+++ DATA EXTRACT
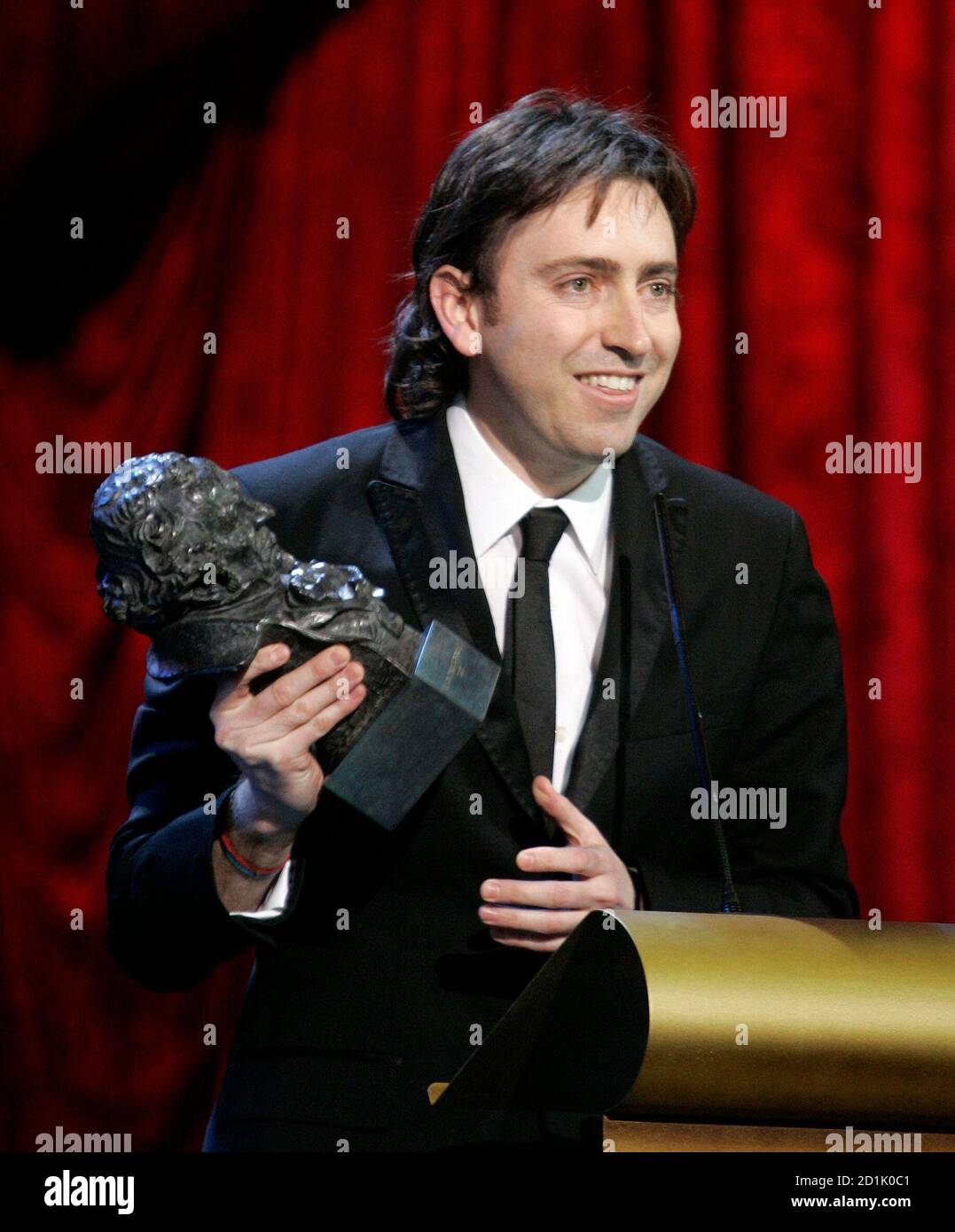 Director Daniel Sanchez Arevalo reacts upon receiving his 'Goya' award during the Spanish Film Academy 'Goya' awards ceremony in Madrid January 28, 2007. Sanchez Arevalo won the Best Upcoming Director award for his movie 'Azul oscuro casi negro'.   REUTERS/Andrea Comas (SPAIN) Stock Photo
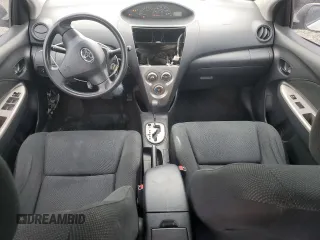 2009 Toyota Yaris with VIN JTDBT903991338082, listed as a Copart auction lot 51156955 with 328,941 mi miles and Salvage Title. Bid and sale history available at carsss.com. Image 8.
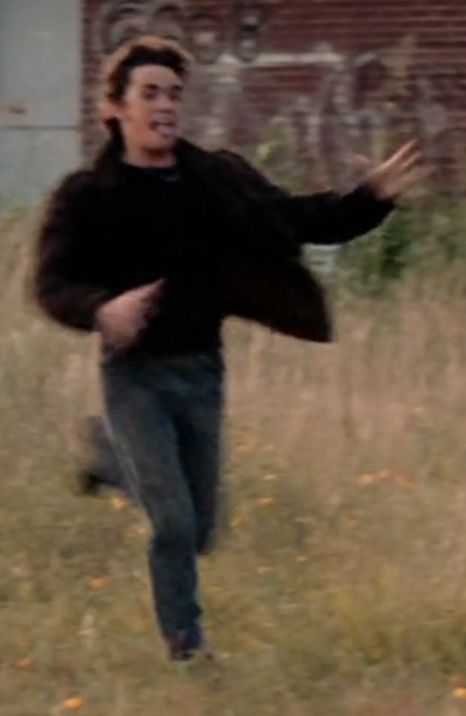 a man is running in the grass with his arms out to catch a frisbee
++++++
• WHAT IS NEEDED
Each line from the one containing "2009 Toyota Yaris" through the last line of the listing must be copied exactly, and the pictures must not be.

• ANSWER FOR THE TASK
 2009 Toyota Yaris with VIN JTDBT903991338082, listed as a Copart auction lot 51156955 with 328,941 mi miles and Salvage Title. Bid and sale history available at carsss.com. Image 8.
 a man is running in the grass with his arms out to catch a frisbee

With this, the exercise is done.